━━ GIVEN MATERIAL

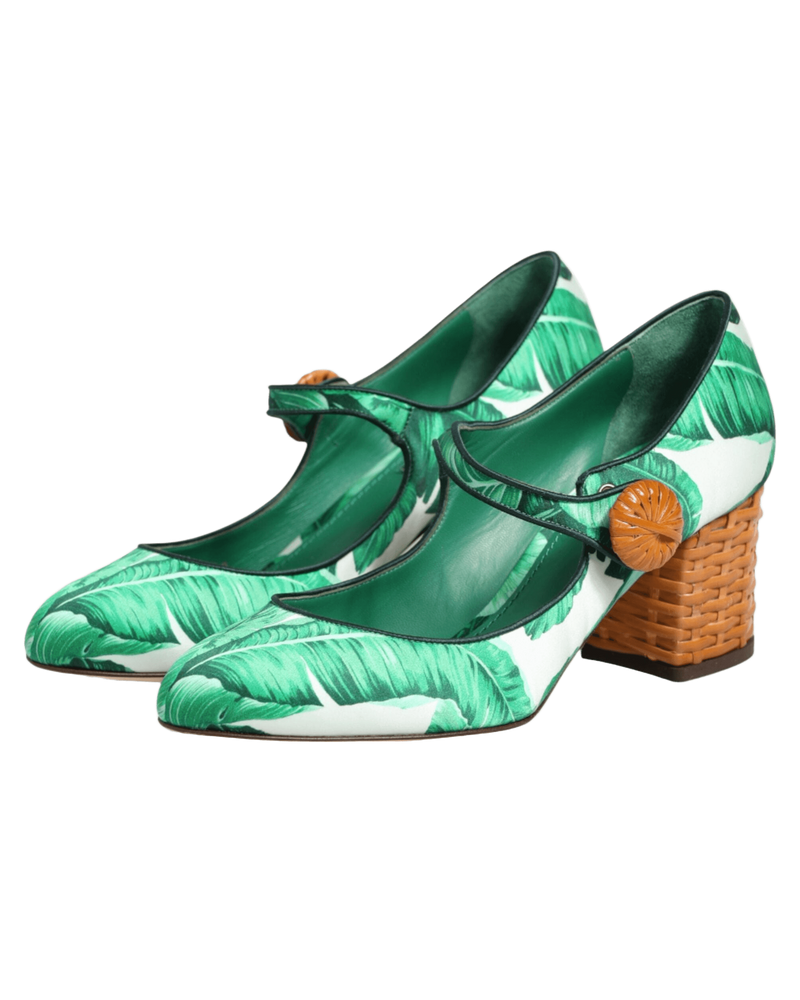 Dolce & Gabbana Green Silk Mary Janes Leaf Sandals Shoes Glam Steals
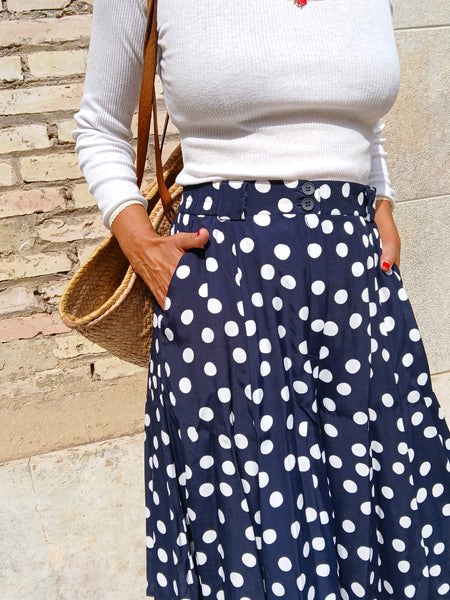 Falda Pantalón Vintage Azul Marino Lunares Blancos - Talla S/M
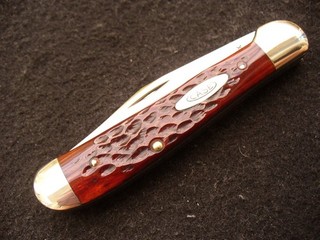 Vintage Case XX USA 6249 Copperhead Pretty Red Bone Knife 6 dot 1974 NM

━━━━

◆ ACTIVITY
Give every line above again exactly, omitting whatever pictures appear.

◆ SOLUTION TO THIS TASK
 Dolce & Gabbana Green Silk Mary Janes Leaf Sandals Shoes Glam Steals
 Falda Pantalón Vintage Azul Marino Lunares Blancos - Talla S/M
 Vintage Case XX USA 6249 Copperhead Pretty Red Bone Knife 6 dot 1974 NM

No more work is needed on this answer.